Rather than pay for breakfast club, she also takes my youngest to school for me two days a week.
Now the boys are in high school, they are in different schools, so she does not take her (and my son) to primary school before dropping off my youngest. I drop my son to school on my way to my friend's house to drop off my youngest daughter.
All this means is that my son has 2 days free when he can invite any other friend home (now that he is getting older, it normally means they meet at the park).
Sounds a bit mad. I'd jump at the chance for my kids to go to someones for tea, whoever they were, and so would most of the other mums I know.
Not a bit like yours here.
How weird. 'Sorry, my DC already has enough friends', basically? What a very strange attitude.
And 'have to ask my husband'. Why? Is she mentally incapacitated?
That mum does sound a little odd to me.
DD has a best friend -they are now nearly 9 but became firm best friends from nursery days age 2/3.

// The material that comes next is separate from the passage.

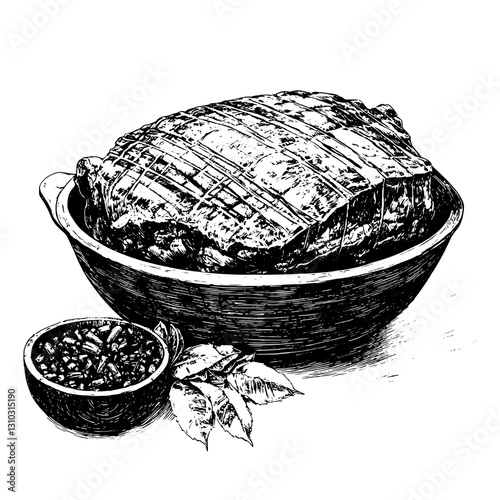 Engraved illustration of a succulent roast with flavorful sauce in a decorative bowl ideal for tattoo inspiration or unique packaging design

However this does not stop them from inviting other friends to play. DD has even had friends to play that are from a different year at school or have only just joined the school last term.

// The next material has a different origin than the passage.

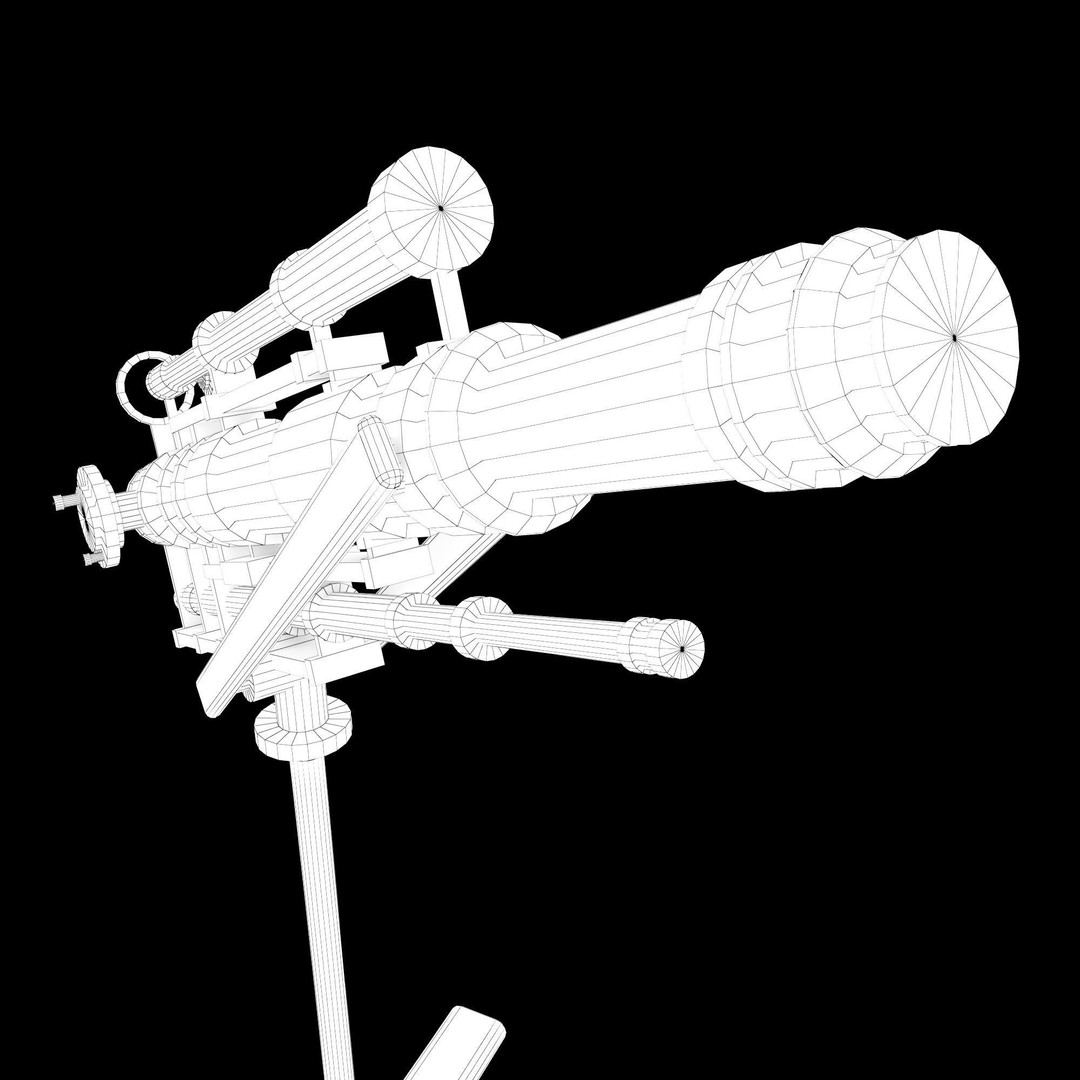 Telescope Brass 3D Model – PBR Textures, Game-Ready, FBX, Blender - View 8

She doesn't exclude anyone because of her best friend and vice versa (and I certainly wouldn't be concerned that by having someone else to play would put bestfriend or bestfriends Mums nose out of joint IYSWIM)
It could be that, Bumblelion. Although as the mum was explaining to me, she asked her dc's teachers who he played with at school, and set up the friendships based on that.

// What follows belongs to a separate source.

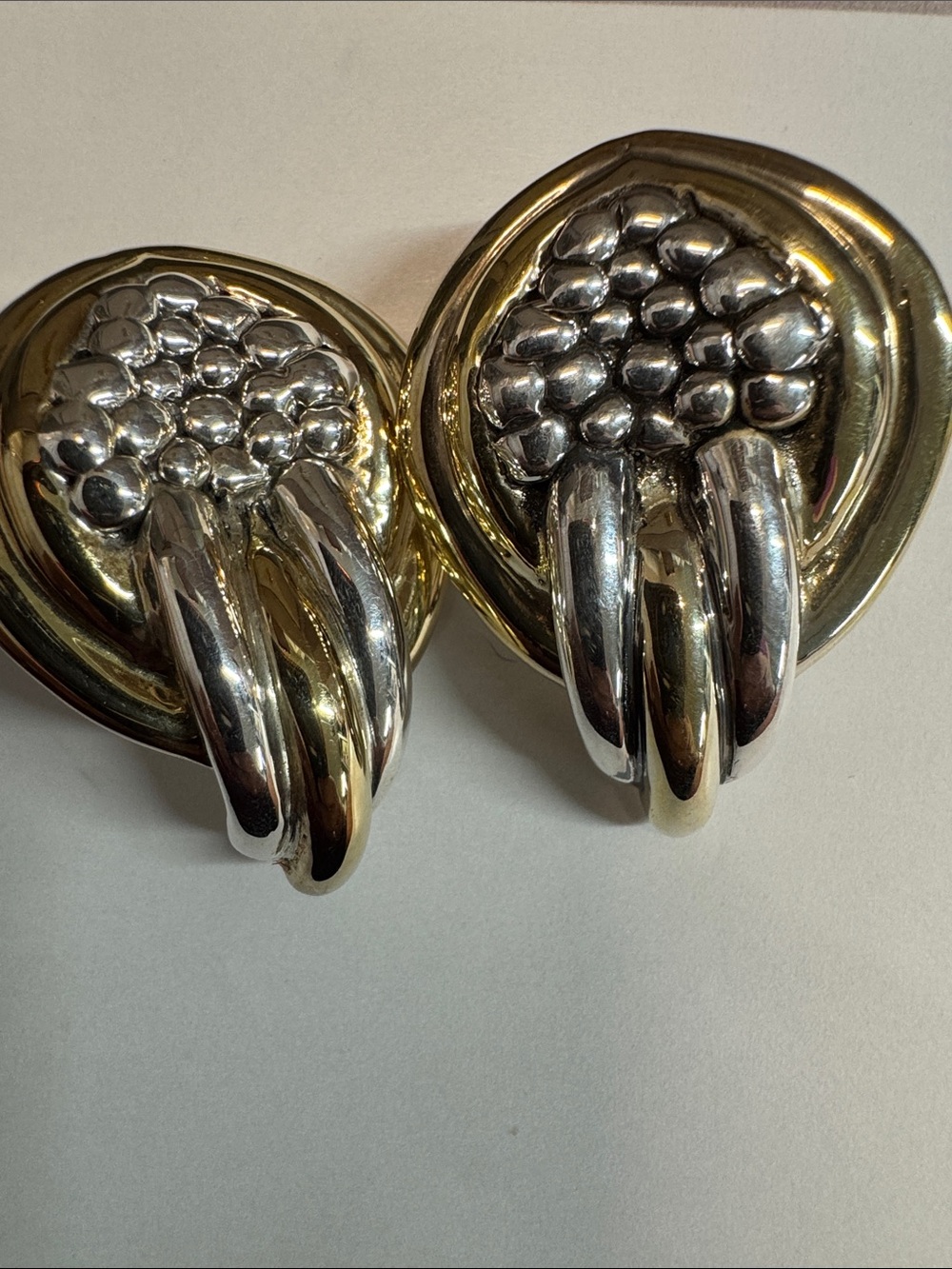 Sterling silver and Gold Two-Tone Statement Earrings 1980a made in Israel.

My ds changes his mind every week who is NBF is, so he wouldn't be much use asking!
Just to clarify, when I say
"and I certainly wouldn't be concerned that by having someone else to play would put bestfriend or bestfriends Mums nose out of joint IYSWIM"
I don't mean that I don't give a stuff about how they might feel, I mean that I know that they wouldn't be put out by it. They would be perfectly fine about it
Clockface- you sound lovely, and I prefer your stylee to the ones of the other Mums you describe. I have felt my DC excluded from cosy groups in the past. People do seem to have friends at school whose houses they religiously visit weekly. We have one set of friends from school like that, but only one. At times it has really bothered me, but more recently I have felt it is quite liberating not to be tied into these kind of arrangements. Your children are then free to be friends with whoever they like and it means they have broader horizons.
Yes Norbert, my dd has two best friends, but we have various others from different places whom we see regularly too.
Do you think it's insecurity / fear of being left out?
In that case, it is strange.
Now my son and my friend's son are at different schools, obviously they still see each other 3 afternoons a week. I am sure as they get older, this will die off but at the moment I do not want my son (and she doesn't want her son) being at home on their own at the age of 11.
Because they are now at different high schools, they have made new friends at both schools from different primary schools. It now seems that my son's new friends are also my friend's son's new friends and vice versa.
More the merrier I say.
thnaks for input. Must get dressed and go do the school run (just out of shower - probbalt TMI...!)
The first half term in Reception is surely not a very good indicator of who a child's good friends are going to be? They are still getting to know each other.
What will this mum do if the friendship group fractures? Come running to you, perhaps.
I reckon its more likely to be along the lines of Bumbelion's suggestion. Although asking her husband sounds a bit odd.
If you and ds are keen to have him to play, I'd get your son to ask the little boy, and get him to ask his mum.
Perhaps as it is a regular tea time play thing she was worried that another friend for tea on another night was just going to be too much. (having to invite back etc)
It maybe that she has got herself into this tea time regular thing with the other mums and doesn't know how to get out of it and is going to be much more careful in future.
Is it possible that this mum was being polite - that her son has never mentioned your son to her, so she's not sure he'd want to come to your house?